Downhole fluid analysis (DFA) has been successfully employed to estimate compositions, gas/oil ratios (GOR), coloration (asphaltene content), density, viscosity and oil-based mud (OBM) filtrate contamination in real time. However, an important element – formation volume factor (FVF), defined as a ratio of the volume of a reservoir fluid at downhole conditions to the volume of stock tank oil at standard conditions – has been missing. This paper presents several real-time methods to obtain FVF from formation tester data and discusses applications of the newly derived fluid property.
A novel method is developed to obtain FVF based on mass balance during a single-stage flash process performed at standard conditions. The required input parameters, including density, GOR, and composition, are all available from existing DFA measurements in real time, ensuring a robust and simple FVF calculation. The new method is compared to a pressure-volume-temperature (PVT) laboratory-derived correlation based on machine learning methods and a method based on an equation of state (EOS) that uses more than 1350 fluid samples covering all hydrocarbon reservoir fluid types. The results show that the prediction error of the new FVF algorithm has an average absolute deviation of 3.6%. A second method, which begins with the definition of FVF and utilizes optical absorbance measurements and estimated fluid composition -- CO2, C1, C2, C3-5, and C6+ -- to derive an equation for the FVF is also demonstrated. The coefficients in this equation are calibrated against an optical spectral library derived from 160 hydrocarbon samples measured at different temperatures and pressures with values up to 175°C and 20,000 psi. The FVF prediction standard error of approximately 2.4 % for this method is estimated by comparing FVF predictions with laboratory measured FVFs on a validation dataset.
The use of the new FVF algorithms in deriving several real time fluid properties is illustrated. For example, FVF is used in OBM filtrate contamination calculations during sample cleanup for focused and non-focused sampling tools and is used to convert live fluid-based OBM filtrate contamination to a stock tank liquid-based value.

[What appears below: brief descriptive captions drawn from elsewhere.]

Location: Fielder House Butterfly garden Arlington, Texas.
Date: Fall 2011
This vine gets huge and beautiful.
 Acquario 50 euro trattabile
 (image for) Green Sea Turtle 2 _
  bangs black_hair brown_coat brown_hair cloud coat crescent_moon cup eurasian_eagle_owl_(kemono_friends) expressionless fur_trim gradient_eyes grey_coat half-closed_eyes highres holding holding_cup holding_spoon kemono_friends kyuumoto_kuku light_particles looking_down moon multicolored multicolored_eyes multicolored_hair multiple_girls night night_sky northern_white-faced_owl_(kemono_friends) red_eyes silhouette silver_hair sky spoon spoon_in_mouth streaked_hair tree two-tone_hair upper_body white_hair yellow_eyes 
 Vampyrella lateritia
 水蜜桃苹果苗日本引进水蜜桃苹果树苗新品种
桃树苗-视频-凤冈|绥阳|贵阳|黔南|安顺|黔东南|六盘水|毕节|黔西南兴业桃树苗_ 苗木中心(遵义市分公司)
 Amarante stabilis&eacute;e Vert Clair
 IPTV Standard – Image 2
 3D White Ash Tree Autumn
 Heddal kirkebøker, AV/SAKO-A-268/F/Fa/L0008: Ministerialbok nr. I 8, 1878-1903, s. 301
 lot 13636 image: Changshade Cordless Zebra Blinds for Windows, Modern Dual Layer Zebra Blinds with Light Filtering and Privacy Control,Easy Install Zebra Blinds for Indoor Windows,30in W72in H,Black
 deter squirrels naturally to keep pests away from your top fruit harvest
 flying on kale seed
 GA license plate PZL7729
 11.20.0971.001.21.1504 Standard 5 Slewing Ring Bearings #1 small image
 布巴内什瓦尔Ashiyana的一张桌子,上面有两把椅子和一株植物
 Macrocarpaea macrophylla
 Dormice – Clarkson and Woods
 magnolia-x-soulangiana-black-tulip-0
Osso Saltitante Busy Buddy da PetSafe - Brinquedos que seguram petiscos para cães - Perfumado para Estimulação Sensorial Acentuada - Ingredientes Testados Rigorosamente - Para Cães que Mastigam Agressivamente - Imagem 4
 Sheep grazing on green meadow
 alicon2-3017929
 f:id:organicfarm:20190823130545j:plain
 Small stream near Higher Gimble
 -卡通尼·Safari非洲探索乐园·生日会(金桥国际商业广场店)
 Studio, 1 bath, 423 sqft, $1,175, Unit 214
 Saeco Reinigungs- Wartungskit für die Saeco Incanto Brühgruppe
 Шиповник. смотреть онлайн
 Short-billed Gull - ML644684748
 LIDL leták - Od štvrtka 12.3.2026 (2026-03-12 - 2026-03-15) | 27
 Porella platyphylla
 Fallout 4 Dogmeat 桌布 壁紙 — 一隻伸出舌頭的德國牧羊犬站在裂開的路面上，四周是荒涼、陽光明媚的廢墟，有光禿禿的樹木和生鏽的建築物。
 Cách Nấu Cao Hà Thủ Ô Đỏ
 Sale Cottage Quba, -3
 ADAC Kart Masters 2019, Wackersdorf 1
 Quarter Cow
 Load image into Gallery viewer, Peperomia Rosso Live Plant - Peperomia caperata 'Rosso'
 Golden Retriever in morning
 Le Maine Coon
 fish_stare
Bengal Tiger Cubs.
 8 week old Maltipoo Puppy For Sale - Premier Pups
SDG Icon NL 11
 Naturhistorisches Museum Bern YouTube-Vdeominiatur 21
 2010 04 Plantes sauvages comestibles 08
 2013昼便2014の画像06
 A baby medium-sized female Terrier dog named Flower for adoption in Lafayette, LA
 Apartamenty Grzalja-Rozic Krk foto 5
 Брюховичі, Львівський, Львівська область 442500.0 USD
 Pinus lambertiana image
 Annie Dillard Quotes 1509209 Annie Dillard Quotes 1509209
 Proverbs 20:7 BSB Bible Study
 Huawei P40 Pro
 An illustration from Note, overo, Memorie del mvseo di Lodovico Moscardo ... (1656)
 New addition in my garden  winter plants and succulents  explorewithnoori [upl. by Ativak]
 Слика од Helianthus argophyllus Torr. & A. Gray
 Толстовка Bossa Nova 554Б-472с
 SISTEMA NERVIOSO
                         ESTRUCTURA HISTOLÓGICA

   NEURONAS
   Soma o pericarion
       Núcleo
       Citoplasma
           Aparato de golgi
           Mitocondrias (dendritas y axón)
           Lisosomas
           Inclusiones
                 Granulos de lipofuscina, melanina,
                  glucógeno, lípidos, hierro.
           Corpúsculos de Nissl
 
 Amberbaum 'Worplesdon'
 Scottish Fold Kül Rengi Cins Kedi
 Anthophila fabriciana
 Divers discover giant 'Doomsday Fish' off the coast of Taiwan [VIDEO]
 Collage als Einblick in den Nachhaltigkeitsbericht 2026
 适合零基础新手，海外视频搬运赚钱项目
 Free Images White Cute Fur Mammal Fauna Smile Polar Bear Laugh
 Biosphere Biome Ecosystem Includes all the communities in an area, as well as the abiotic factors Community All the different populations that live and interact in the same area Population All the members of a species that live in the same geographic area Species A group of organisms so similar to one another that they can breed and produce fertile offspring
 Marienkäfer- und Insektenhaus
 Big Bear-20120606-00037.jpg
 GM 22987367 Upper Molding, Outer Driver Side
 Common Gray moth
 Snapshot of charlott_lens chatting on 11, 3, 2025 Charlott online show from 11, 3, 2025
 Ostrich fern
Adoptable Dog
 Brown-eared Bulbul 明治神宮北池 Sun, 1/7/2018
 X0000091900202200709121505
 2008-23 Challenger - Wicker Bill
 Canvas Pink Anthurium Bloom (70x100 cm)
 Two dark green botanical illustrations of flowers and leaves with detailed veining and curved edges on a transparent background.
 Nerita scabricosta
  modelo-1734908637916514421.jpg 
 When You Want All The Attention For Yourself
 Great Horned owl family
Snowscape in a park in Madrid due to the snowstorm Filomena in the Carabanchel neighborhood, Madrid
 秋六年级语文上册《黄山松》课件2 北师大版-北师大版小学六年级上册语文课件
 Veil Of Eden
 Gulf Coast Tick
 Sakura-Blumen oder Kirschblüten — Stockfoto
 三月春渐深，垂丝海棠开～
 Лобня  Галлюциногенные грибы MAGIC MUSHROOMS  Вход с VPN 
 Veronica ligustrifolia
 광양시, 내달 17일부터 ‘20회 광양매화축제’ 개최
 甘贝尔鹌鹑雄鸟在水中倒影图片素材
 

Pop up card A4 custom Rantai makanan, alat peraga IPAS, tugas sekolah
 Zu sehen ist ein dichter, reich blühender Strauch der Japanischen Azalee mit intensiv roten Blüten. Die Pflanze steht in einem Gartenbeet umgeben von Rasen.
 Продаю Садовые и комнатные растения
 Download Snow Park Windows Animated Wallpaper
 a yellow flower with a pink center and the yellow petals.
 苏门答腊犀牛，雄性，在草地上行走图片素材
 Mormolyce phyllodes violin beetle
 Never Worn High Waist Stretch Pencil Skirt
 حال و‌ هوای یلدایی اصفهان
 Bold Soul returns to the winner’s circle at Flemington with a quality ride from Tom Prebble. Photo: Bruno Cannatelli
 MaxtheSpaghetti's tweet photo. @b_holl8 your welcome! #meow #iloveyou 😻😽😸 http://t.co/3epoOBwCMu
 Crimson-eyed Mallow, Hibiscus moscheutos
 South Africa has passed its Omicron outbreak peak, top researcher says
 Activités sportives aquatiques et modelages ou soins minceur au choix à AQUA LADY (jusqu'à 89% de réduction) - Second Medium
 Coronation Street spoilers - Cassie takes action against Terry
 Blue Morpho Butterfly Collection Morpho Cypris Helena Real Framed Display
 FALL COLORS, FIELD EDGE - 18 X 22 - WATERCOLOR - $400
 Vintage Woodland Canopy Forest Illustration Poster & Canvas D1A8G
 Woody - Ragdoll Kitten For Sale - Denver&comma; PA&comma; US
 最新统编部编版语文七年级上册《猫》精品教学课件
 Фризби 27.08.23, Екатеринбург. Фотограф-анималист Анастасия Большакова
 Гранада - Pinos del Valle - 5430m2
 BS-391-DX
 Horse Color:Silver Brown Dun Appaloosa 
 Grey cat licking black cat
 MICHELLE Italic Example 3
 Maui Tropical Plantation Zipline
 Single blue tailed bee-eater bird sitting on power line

Best practices for selecting which FVF algorithm to use are discussed and recommendations for algorithm selection are made. Several case studies detail FVF calculations based on wireline or while-drilling formation tester data and the examples show how FVF is used in other real time DFA workflows. The results obtained from the new methods are in good agreement with results of PVT laboratory sample analysis.